Turismo en Anzoátegui, por Simón Boccanegra
El turismo es la llamada industria sin chimenea. Para saber su verdadera importancia, basta con averiguar cuánto aporta esta actividad al PIB de muchos países europeos, o de Estados Unidos, o sin ir tan lejos, a muchas de las islas del Caribe. Hay criterios que podríamos llamar universales, y que funcionan como estímulos para que un ciudadano de cualquier país del planeta, sienta deseos de desplazarse a otro para conocerlo o disfrutar sus vacaciones. Uno es clave: la seguridad. Luego hay una amplia gama de exigencias que un turista normal se plantea: la oferta de bellezas naturales, la posibilidad de conocer centros culturales o históricos, la comida, etc.
También hay dos detalles de primerísima importancia, la calidad de los servicios que recibirá y qué tan cara o económica le saldrá la estadía.

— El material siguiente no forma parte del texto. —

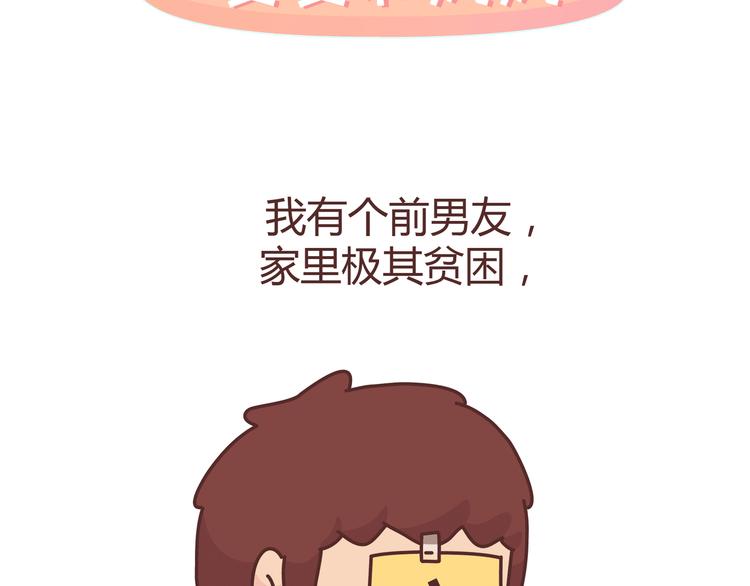 第274话 我的前男友1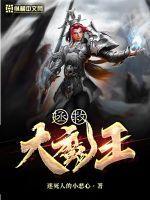 我的旁白不太对劲 落叶叶叶叶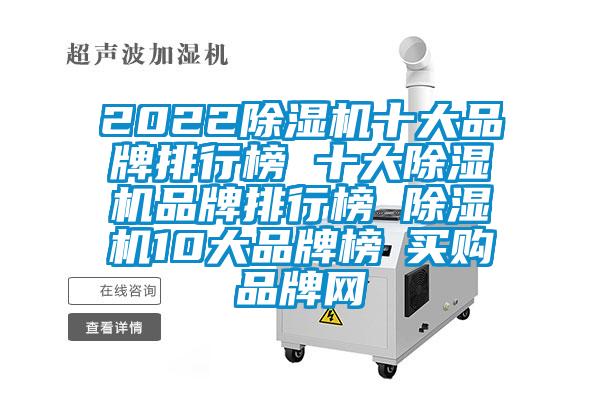 2022草莓视频APP在线观看十大品牌排行榜 十大草莓视频APP在线观看品牌排行榜 草莓视频APP在线观看10大品牌榜→买购品牌网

Recientemente una pareja extranjera estuvo en ese estado y se fueron jurando no volver. Se hospedaron en un hotel del Paseo Colón, con una hermosa vista al mar. Una noche (y fueron varias) acostados y con deseos de ver televisión, se quedaron con las ganas pues se fue la luz, sin tiempo conocido de retorno. Un día fueron a almorzar a una conocida cadena de comida rápida ubicada en el sector y al llegar el local estaba cerrado con el personal adentro, «se había ido la luz». Afuera la gente sudaba y protestaba. Otro día fueron a visitar a unos conocidos y cayó un palo de agua que los hizo percatarse de que las calles y avenidas se anegaban y el agua entraba por las puertas del taxi, en medio de una tranca anarquizada, pues la vía quedó reducida a un canal.
Dos horas y media duró el regreso al hotel. Una tarde-noche, luego de una puesta de sol, decidieron ir a tomar un trago al antiguo hotel Melia, y en plena calle un individuo sin disimulo alguno los robó. Huyeron de Anzoátegui. Se llevaron, eso sí, unas bellas fotos de la bahía de Mochima.
Sabemos por noticias que nos llegan de terceros, que la pareja habla con asombro de la basura y la suciedad que adornan a Barcelona y Puerto La Cruz. Para este minicronista, curado de espantos, no puede salvarse ese estado de la incuria general de la «revolución».